• [Exercise instructions]: Restate word for word only the lines running from the one with "Gravure ancienne : L'Obélisque" to the end of the data, both ends included. Omit any pictures.

------------------------------------------------------------

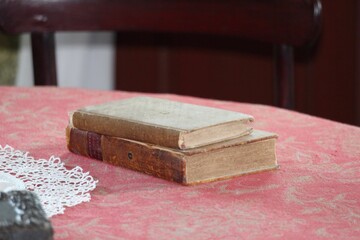 two old books on a wooden table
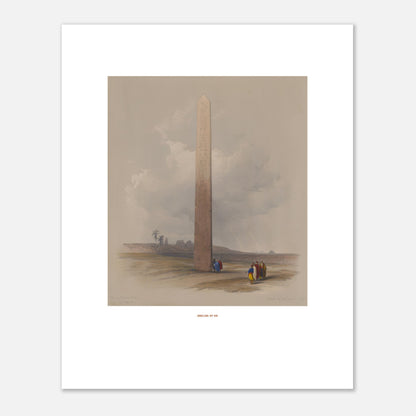 Gravure ancienne : L'Obélisque d'Héliopolis en Égypte, David Roberts (40x50 cm). Lithographie ancienne montrant l'Obélisque d'Héliopolis entouré de ruines et de quelques personnages, avec une palmeraie au loin.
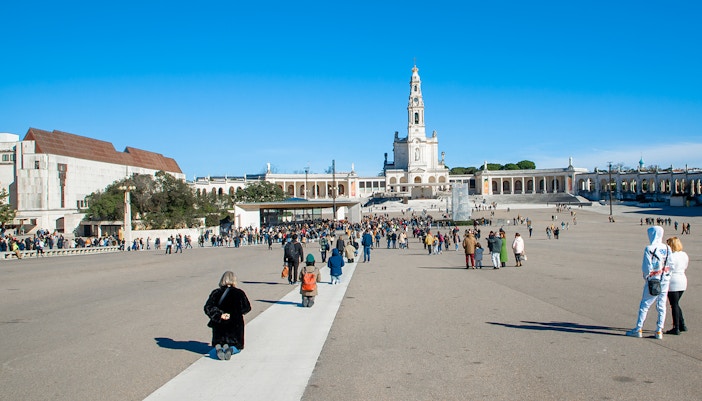 Visitors at the Square of the Basilica of Our Lady of Fatima, Portugal, seeking blessings.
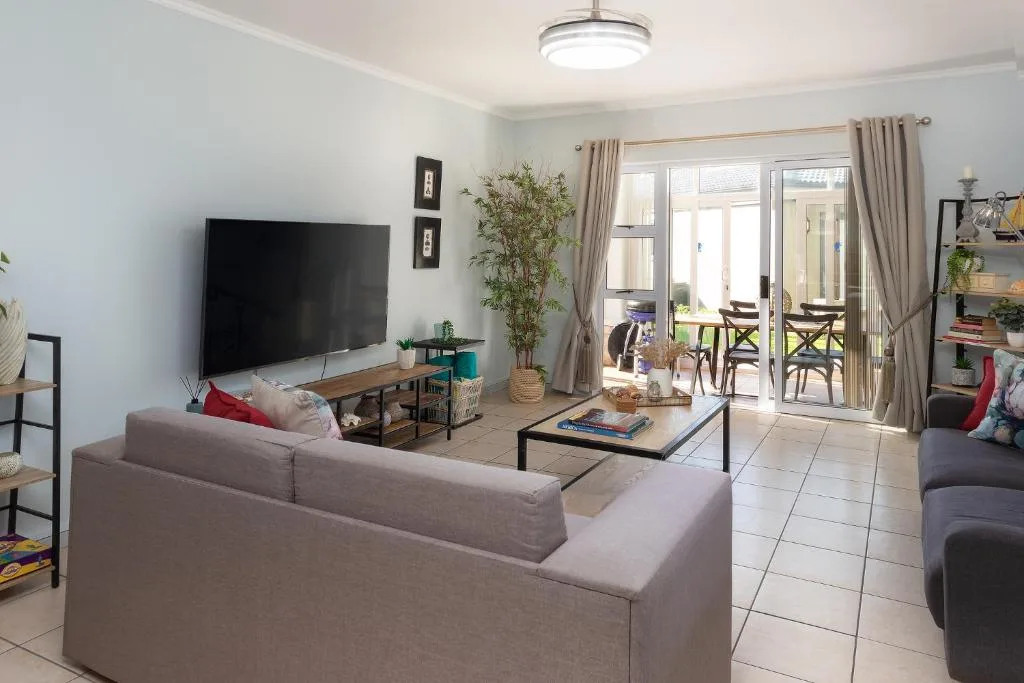 Spacious living room with grey sofa, TV, and glass doors to deck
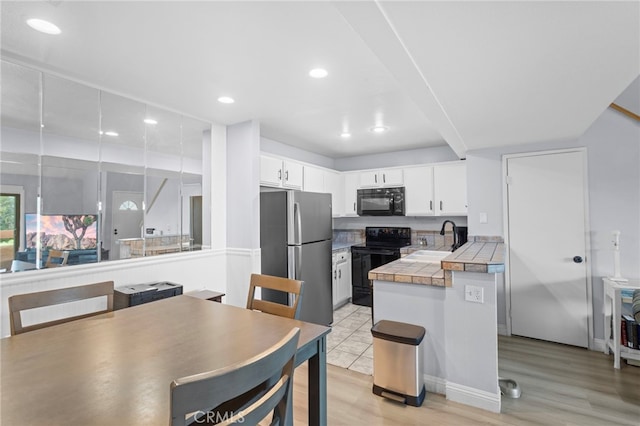 kitchen featuring light wood-type flooring, recessed lighting, a peninsula, white cabinetry, and black appliances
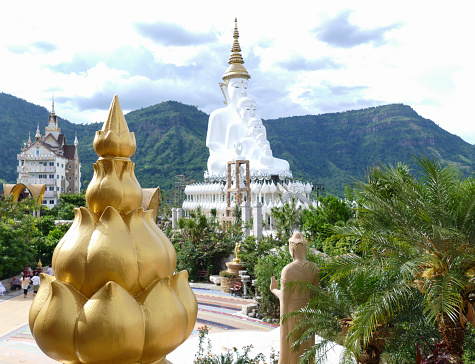 Phetchabun, thailand - June 2, 2015: view of 5 white buddha statue with the biggest one wearing the golden crown from the golden lotus pole at Pratart Pasonkaew temple at Phetchabun, thailand on June 2, 2015.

------------------------------------------------------------

• [Problem solution]:
 Gravure ancienne : L'Obélisque d'Héliopolis en Égypte, David Roberts (40x50 cm). Lithographie ancienne montrant l'Obélisque d'Héliopolis entouré de ruines et de quelques personnages, avec une palmeraie au loin.
 Visitors at the Square of the Basilica of Our Lady of Fatima, Portugal, seeking blessings.
 Spacious living room with grey sofa, TV, and glass doors to deck
 kitchen featuring light wood-type flooring, recessed lighting, a peninsula, white cabinetry, and black appliances
 Phetchabun, thailand - June 2, 2015: view of 5 white buddha statue with the biggest one wearing the golden crown from the golden lotus pole at Pratart Pasonkaew temple at Phetchabun, thailand on June 2, 2015.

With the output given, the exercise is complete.